The order matters. The bottom tier sits flat on the table, has the largest surface area, and gives you the most slices. Start there.
Before you cut, remove the upper tiers. They sit on cake boards supported by internal dowels (usually wooden food-safe sticks). The dowels are hidden inside the tier below, going about 2cm into the sponge. Lift the upper tier straight up — the cake board comes with it. Set it on a clean surface.
For the bottom tier (typically 10-inch or 12-inch round), cut a circle 4cm in from the outer edge. This gives you a ring of slices. Cut the ring into 3cm-wide slices. Repeat with progressively smaller concentric rings. You will get more slices this way than by cutting wedges.
A long serrated knife works best. Wipe the blade with a damp cloth between each cut to keep the frosting from sticking and tearing.
For the second tier, same process — concentric rings, 3cm-wide slices.

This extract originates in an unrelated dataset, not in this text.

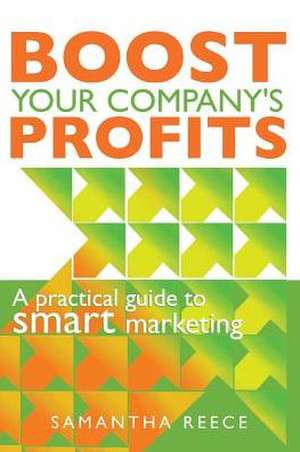 Boost your company's profits de Samantha Reece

The top tier: traditionally saved for the first anniversary. To save it well, wrap it in three layers of plastic wrap, then a layer of aluminium foil, and freeze. It defrosts overnight at room temperature one year later. Sponge cakes survive this well, fondant survives it surprisingly well, fresh-cream cakes do not.
If you are not saving the top tier, cut it last — it usually has the most decoration and works as the photo cake for the cutting moment.